ANTÔNIO CORRÊA DE LACERDA

Os recentes resultados da inflação, apontando para índices próximos de 1% ao mês, representam, sem dúvida, um importante resultado, tendo em vista a atual fase do Plano Real. No entanto, ao mesmo tempo em que se deve fazer prevalecer a queda da inflação como um importante ganho para a sociedade, é preciso que fique claro o custo desse processo.
A história econômica mundial mostra que não há precedente de experiência de estabilização sem custos e isso não seria diferente no caso brasileiro. Mas, neste ponto, devemos questionar primeiro a sustentabilidade do processo e, segundo, a relação custo-benefício implícita.

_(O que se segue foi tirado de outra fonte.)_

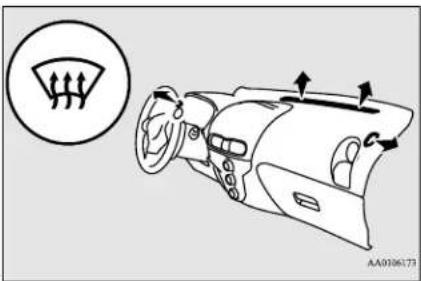 Diagram showing car air intake control with directional arrows and a circular indicator for traffic flow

O Plano Real tem se sustentado basicamente na âncora cambial. A valorização da moeda local, combinada com a prática de um elevado juro real, é o que propiciou a queda e tem mantido a inflação baixa. Em princípio, não há nada de mal nisso, se for um recurso temporário até que se avance nas áreas fiscal e monetária -estas sim, as verdadeiras âncoras da estabilização duradoura.
Atraídos por uma taxa de juros espetacular, que representa cerca de dez vezes a média internacional, os capitais especulativos voltaram a entrar maciçamente no nosso mercado. Os dados apontam para um nível de reservas cambiais que hoje beira os US$ 50 bilhões. Mas, se isso representa um alívio de curto prazo no front externo, no âmbito interno é motivo de preocupação.
A contrapartida monetária dessa entrada de recursos, expandindo o endividamento interno e o ônus representado pela diferença da remuneração das reservas no mercado internacional, de apenas 5% a 6% ao ano, comparativamente ao custo de rolagem da dívida pública no nosso mercado, impõem um pesado ônus para o Tesouro.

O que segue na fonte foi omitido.